* EXERCISE INSTRUCTIONS: What you return must be an exact copy of the lines in the listing below between the line holding "used 2016 Jeep" and the line holding "Pure Rose Pins  - Artisan", inclusive, and nothing more.

___ AVAILABLE DATA ___

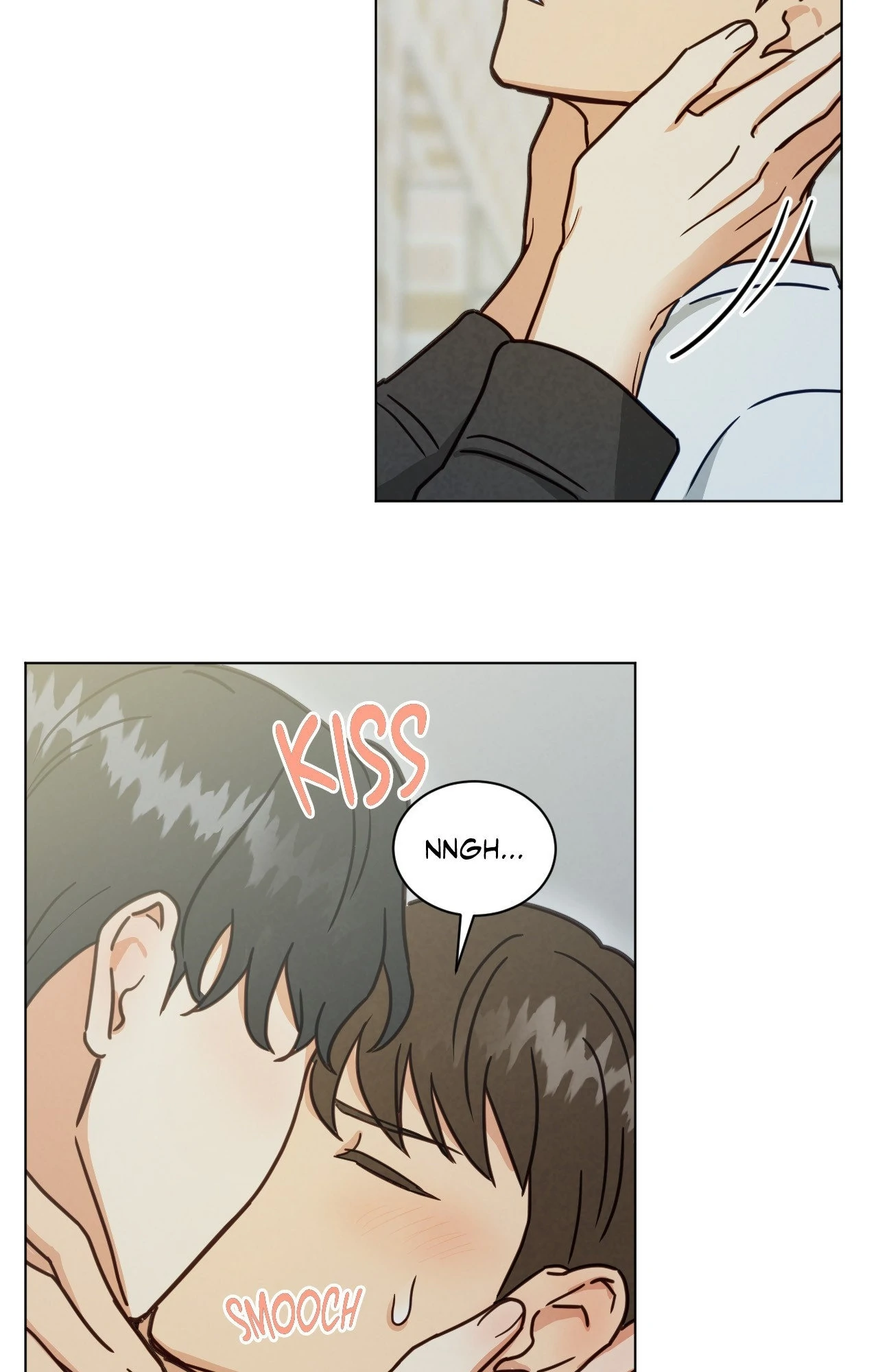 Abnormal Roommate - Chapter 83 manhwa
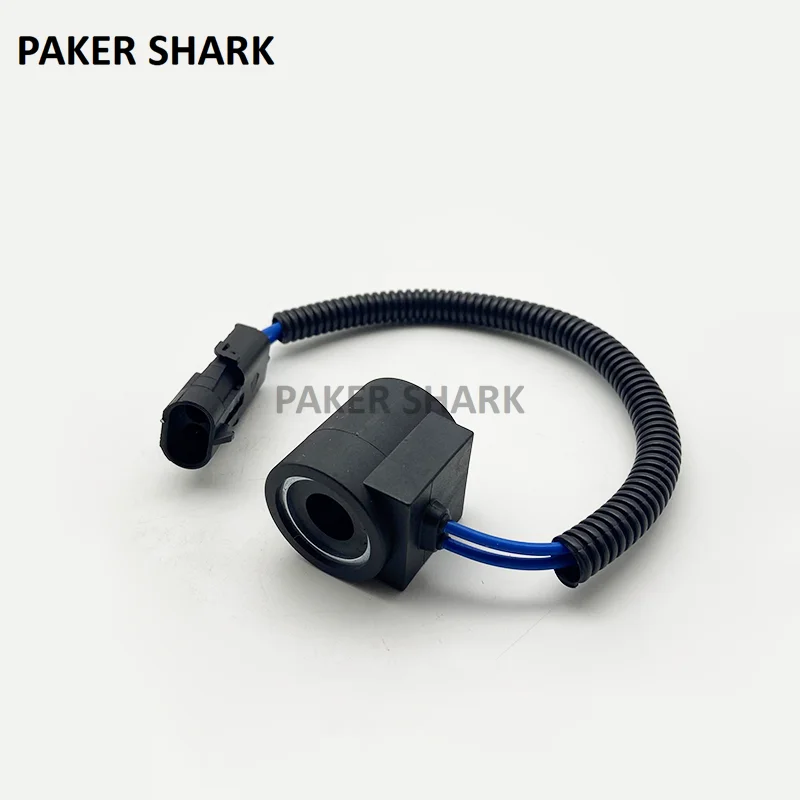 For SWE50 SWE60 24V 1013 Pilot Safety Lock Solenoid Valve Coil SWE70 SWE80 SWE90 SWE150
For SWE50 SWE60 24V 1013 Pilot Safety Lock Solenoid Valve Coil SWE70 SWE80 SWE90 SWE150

___
___ AVAILABLE DATA ___

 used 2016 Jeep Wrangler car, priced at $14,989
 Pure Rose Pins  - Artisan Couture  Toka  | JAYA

___

* TASK RESPONSE:
 used 2016 Jeep Wrangler car, priced at $14,989
 Pure Rose Pins  - Artisan Couture  Toka  | JAYA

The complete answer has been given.